A quick shoutout to the Clojure Community - thanks for the way you've all 
contributed to make my life (mentally) richer. 

James Reeves (author of Compojure and many other wonderful libraries) made 
this interesting comment on Hacker News:
> Clojure has libraries that implement monads, but these aren't often used 
for threading state. I can't quite place my finger on why, but in Clojure I 
rarely find myself reaching for something like the state monad, as I would 
in Haskell.

>Clojure tends to view mutability as a concurrency problem, and the tools 
it provides to deal with mutability, such as atoms, refs, agents, channels 
and so forth, are not mechanisms to avoid mutation, as to provide various 
guarantees that restrict it in some fashion.

>It might be that in the cases where I'd use a state monad in Haskell, in 
Clojure I might instead use an atom.

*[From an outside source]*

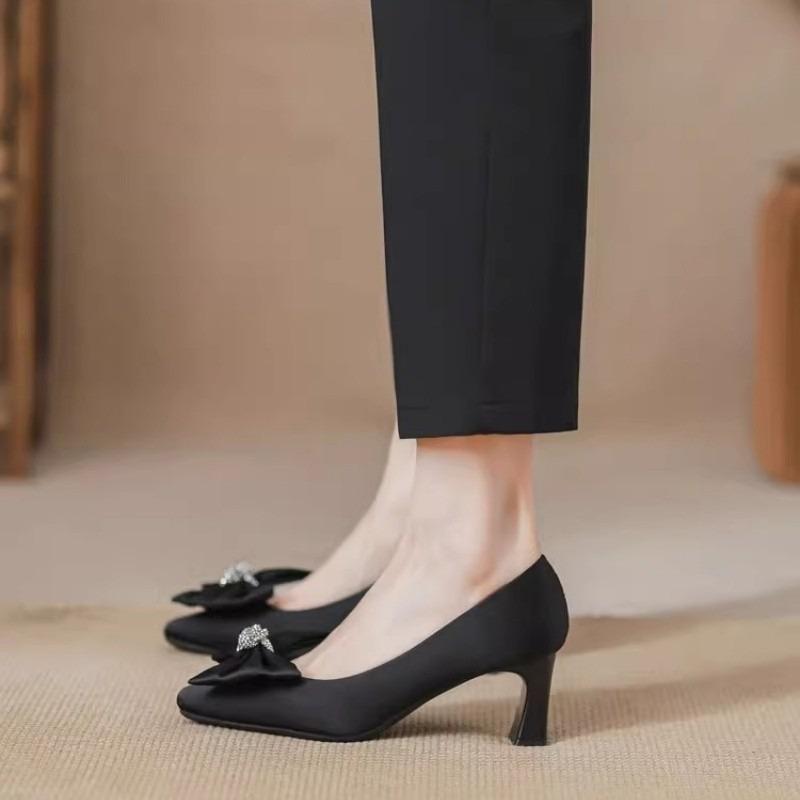 High heels women's new autumn stiletto bow versatile non-grinding feet shallow mouth pointed head black single shoes women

They're in no way equivalent, but they 
have some overlapping use-cases.

https://news.ycombinator.com/item?id=7751424

My question is - have other Clojure/Haskell programmers had this 
experience? (ie "I rarely find myself reaching for something like the state 
monad"). I'm interested to hear if so, and why. 

JG

PS If this post is unhelpful, could be worded better - please let me know. 
I'm asking out of curiosity, not with intent to troll.